I think the graph you shared that kicked off this mini-education discussion might need a little more examination, tbh. The weasel words there are "state schools". For HE stats like this the Universities, particularly the most exclusive ones for their own purposes, like to shine the best light on "state school" stats. They love nothing better than kids who have been put through privileged, private education from prep to GCSE who then sit their A levels at a state (often selective) school. They're classed as "state school" kids because of that L3 experience. After that they also love the state grammar school kids who make up way above their 5% national figure in the most exclusive HE intakes.
So we have to be wary of figures that show "state school" classification without any qualification and without any indication of socio-economic background. Even the HE stats that do attempt to factor in socio-economic data (deprivation) do so on the basis of mean figures for geographic units, not the kids themselves.

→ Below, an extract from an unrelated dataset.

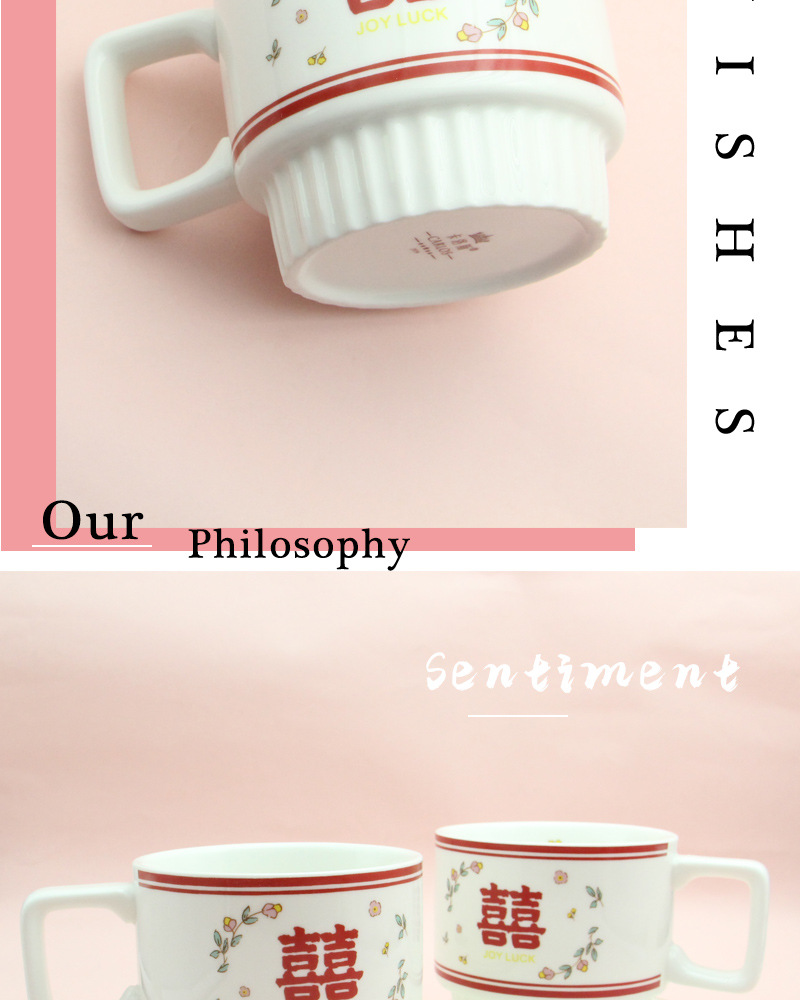 New retro ceramic cups, creative home use, high appearance level mugs, wedding souvenirs, joy cups wholesale pic 7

I think this chat started by looking at how Sunak's moderately wealthy, middle class parents had bought him a privileged education and it seems that such an ability and determination applies to many in immigrant demographics. This shouldn't really be a surprise as international immigrants do always represent sub-sets of their sending populations; by definition an immigrant must have the determination to seek a better life, be open-minded to making that in a distant place, have the ambition and guts to break from what they know and, in many cases, the economic where-with-all to make the move.
None of which changes my view that private schools and grammar schools should be banned.